Maybe the white "parasite" poop thingy was just her (I think it's a she) having an empty stomach. At least that's how I read it online. They both costed me $18.00. Luckily I was able to return the dead one and got my money back, but for now I don't think I want to buy another cichlid ram again XD.

I have a 40g breeder medium/heavy planted tank with the EBR and a bolivian ram living with a pair of pearl gouramis, butterfly danios, gold pristella tetras, siamese algae eaters, kuhli loaches, otocinclus and 20 amano shrimps. My bolivian ram is the boss of the middle bottom of the tank and the EBR is actually peaceful with the other fish. I have never seen the bolivian and the electric blue fight each other.


----------



## Cheetah2 (Nov 24, 2015)

Thanks everyone, for your comments.
A breeder recommended 40% WC's weekly at a minimum to keep rams healthy.

I think I will start a new (warmer) tank for them, by first by adding tank mates that come from the same area. I wanted to add them to my community tank, but their temp requirements conflict with the range required for my rasboras.


----------



## solchitlins (Sep 11, 2013)

I wouldn't risk it. 
Tetras or something, fine.
But rams don't ship well and the whole hormone issue etc...

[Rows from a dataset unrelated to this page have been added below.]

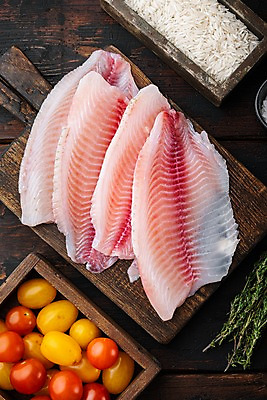 포토 JPG 해외이미지 방울토마토 실내 사람없음 생선회 쌀 신선 나무상자 허브 준비 담기 날것 나무도마 틸라피아 해외포토 식물 토마토 모션 곡류 도마 내부 목재 상자 회 민물고기 파일형식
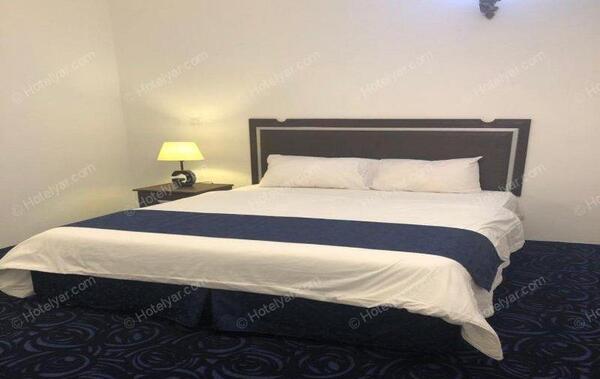 عکس هتل گامبرون کیش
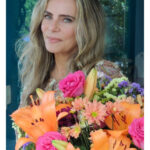 Bruna Lombardi Instagram - A natureza nos cerca de coisas lindas. A beleza da criação nos faz bem. Flores pra vocês, amadas! #beleza #natureza #bemestar
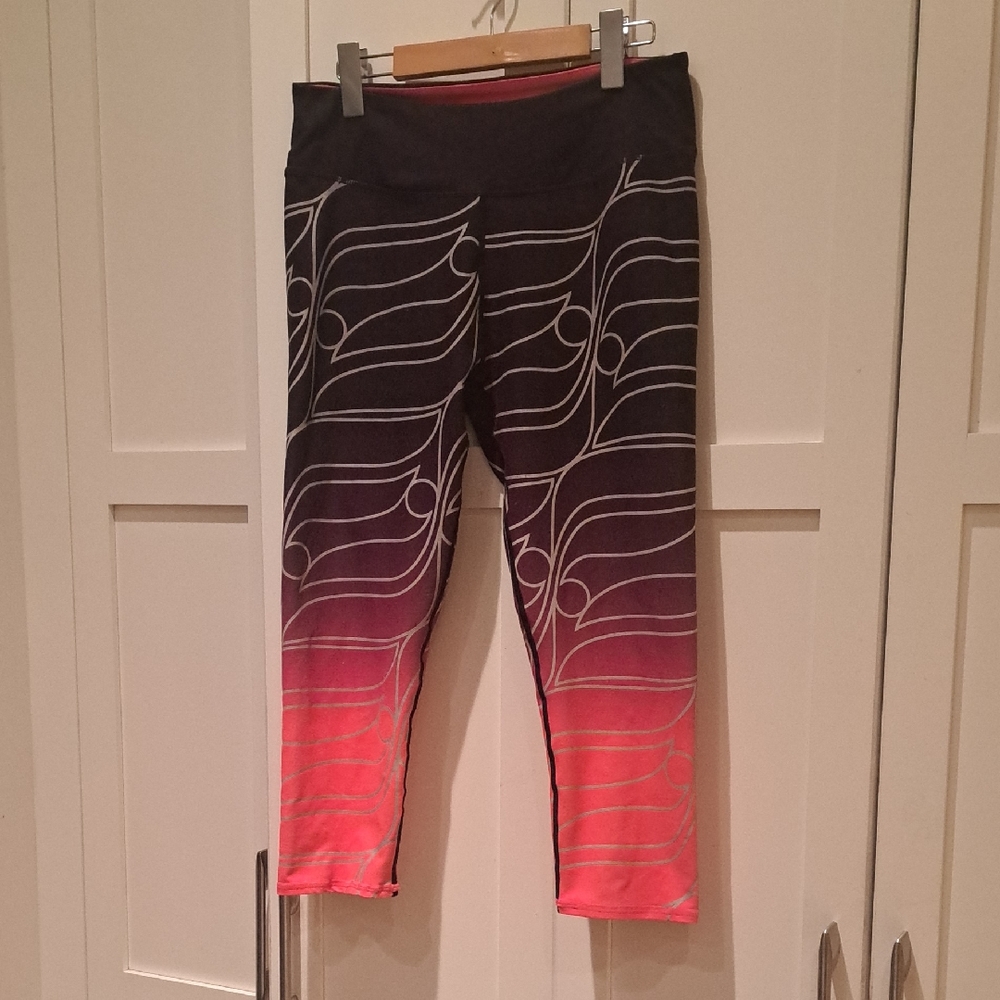 058 - FABLETICS Ombre Color Pop Leggings With Cool Design.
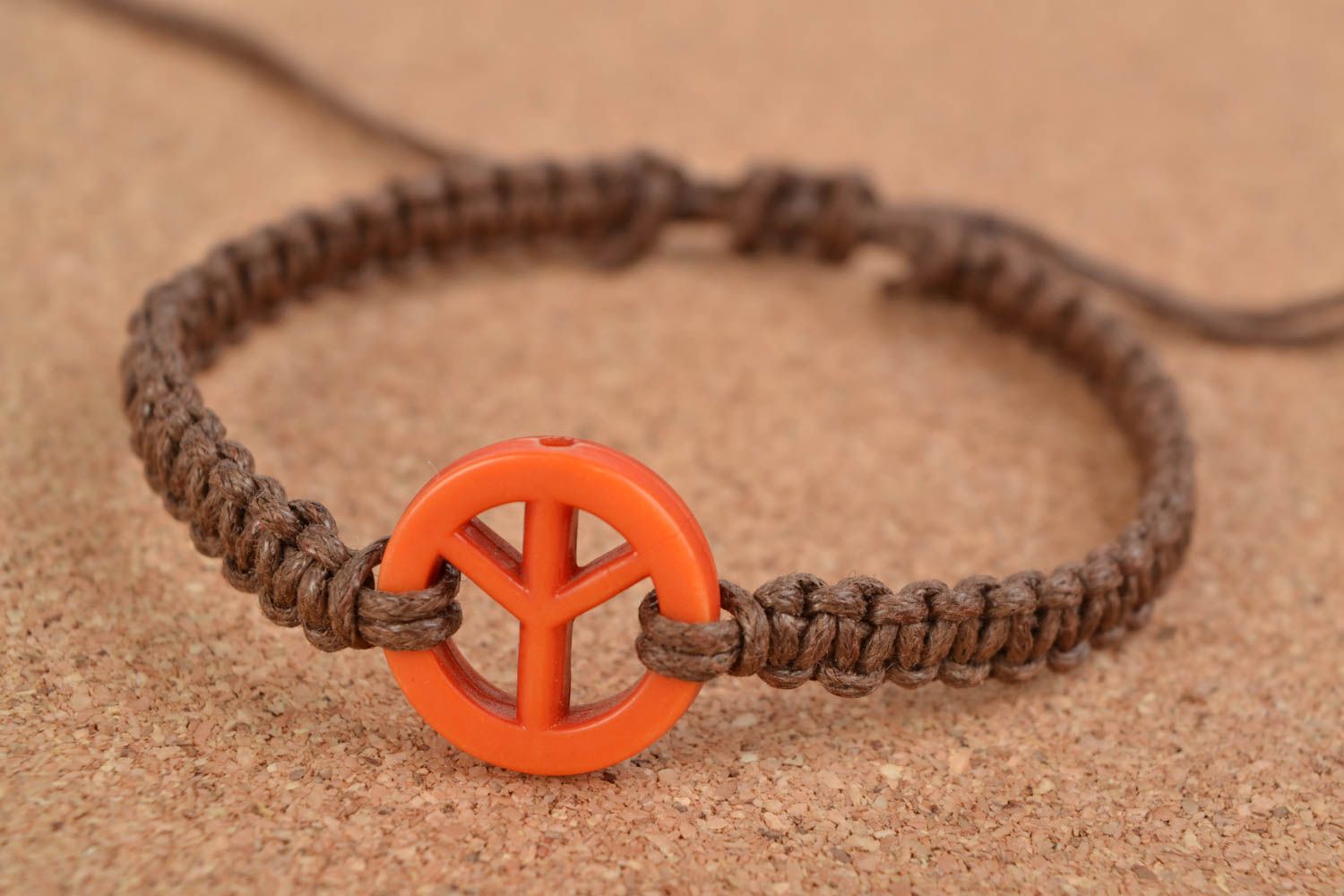 Bracelet tressé en fils de coton avec symbole de la paix orange fait main photo 1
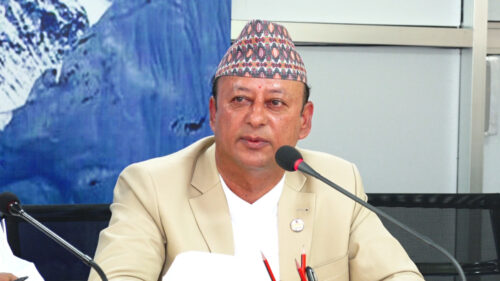 विदेशबाट फोन गरेर लोडसेडिङ भयो भन्दै दुःख दिने गरेको उर्जामन्त्री खड्काको गुनासो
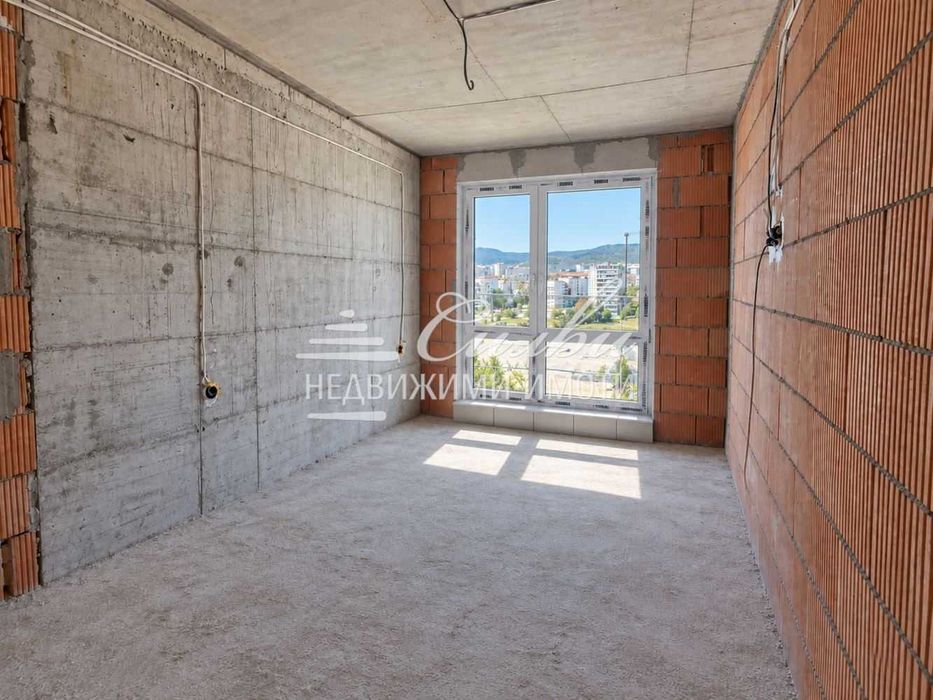 Продава се Тристаен апартамент в Шумен, 5-ти полк - 85 кв.м за 1506 €/кв.м - Снимка #2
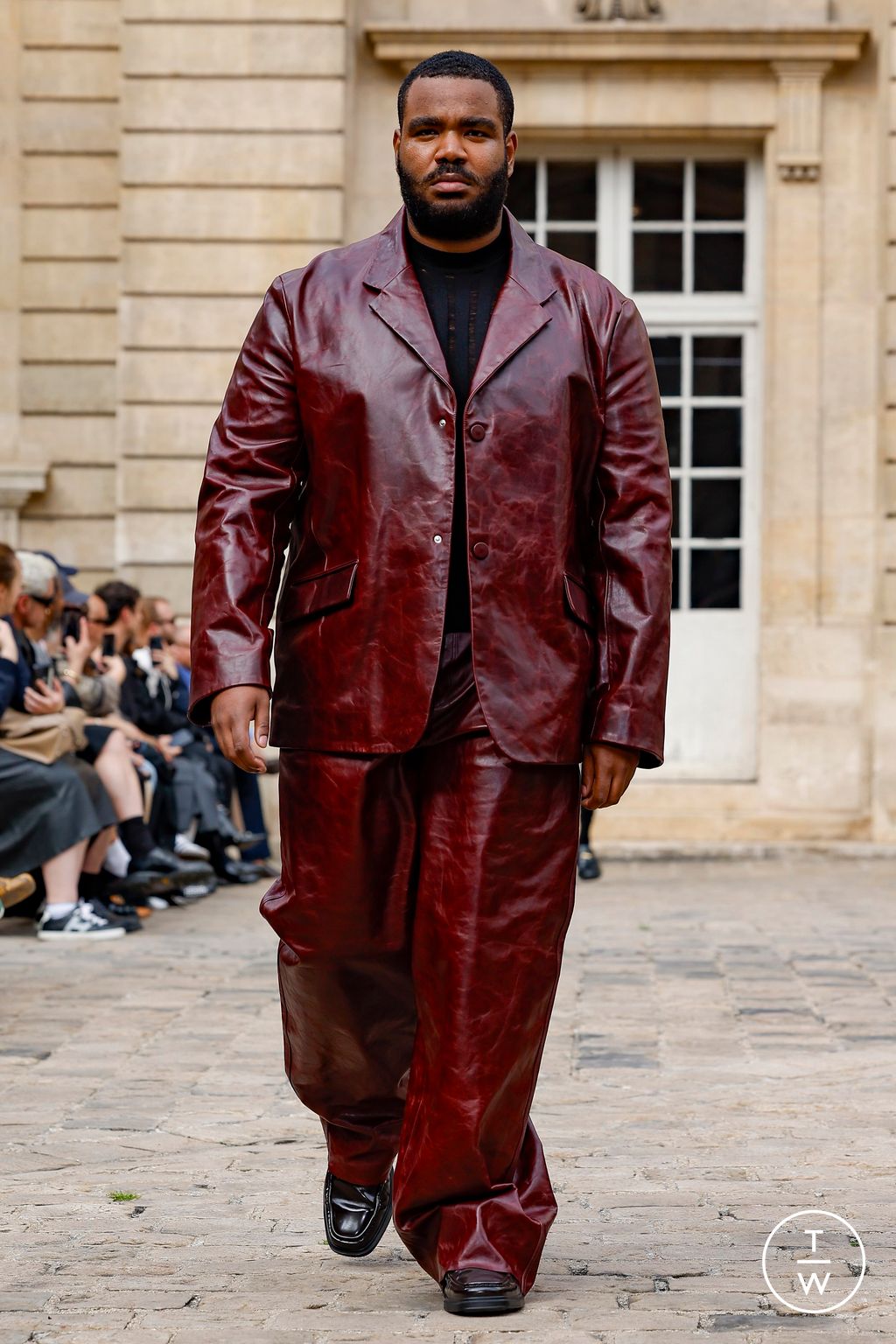 Fashion Week Paris Spring-Summer 2025 look 38 from the Louis Gabriel Nouchi collection menswear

Find a local cichlid club and buy from a breeder or order from a breeder

Bump: A very well established tank helps as well


----------



## patfat (Oct 23, 2015)

Cheetah2 said:


> I've read controversy on GBR's and Electric Blue Rams regarding hormones and their health. Neither my LFS nor Petco knows their real source, and apparently Asian supply is less desirable. Is a breeder really the best route (buying in pairs)?
> 
> 
> I'd love to hear comments on your experiences. For those who bought from Petco, would you recommend it (they only carry the EBR's in my area).
> ...


bought a Bolivian ram and countless otos from petsmart and they are happy and living.. I havent had a problem.. Its funny how a lot of people bash on the major stores with yes some places are super bad and others not so much..but every place is different.. I mean by LFS has a great selection and is widely known even the employees from the big box stores say go there for rare or specific breeds...but I have bought 4 EB acara from my LFS and only 1 survived...Honestly every where is a hit and miss..look at your budget see what you can afford and worse comes to worse quarantine and see how they survive in that tank for awhile before switching over to the main tank..never know what your going to get until you take it home and be with it for awhile...


----------



## ichy (Apr 6, 2015)

My son loves GBR's so he is always putting them in tanks.
He says and I agree...it doesn't matter which store you get them from. They are all hit or miss. 

I have paid top dollar at the supposedly good LFS and paid around $5 for them at the Petsamrt 2 for 1 sale. Some have done great from Petsmart and others have died within the week, same with the good LFS stock.


----------



## sadchevy (Jun 15, 2013)

I think the main issue is the point of sale. Are the tanks clean and well maintained? Do the fish look healthy and active? Are they eating? If you can answer yes to these questions then they are probably fine. Be it a mom and pop shop or petsmart/petco , they probably get their fish from the same farms. If you are located in the southeast US , you can almost bet all stores get their stock from Seagrest farms.
If you want high quality fish, look for local breeders.


----------



## Seetide (Feb 25, 2016)

*Rams disturb substrate?*

Those of you keeping Rams do they dig or disrupt the substrate very much or at all?


----------



## patfat (Oct 23, 2015)

Seetide said:


> Those of you keeping Rams do they dig or disrupt the substrate very much or at all?


My Bolivian ram and golden ram dont do any of that..the worst thing the Bolivian ram does is chase away my my EB Acara when he gets in his area..but even the chasing is rare lol..also have a gold ram that doesn't do any thing just swims around happy lol..I have Eco complete with Petco gravel..fully planted..but no one tears up my tank


----------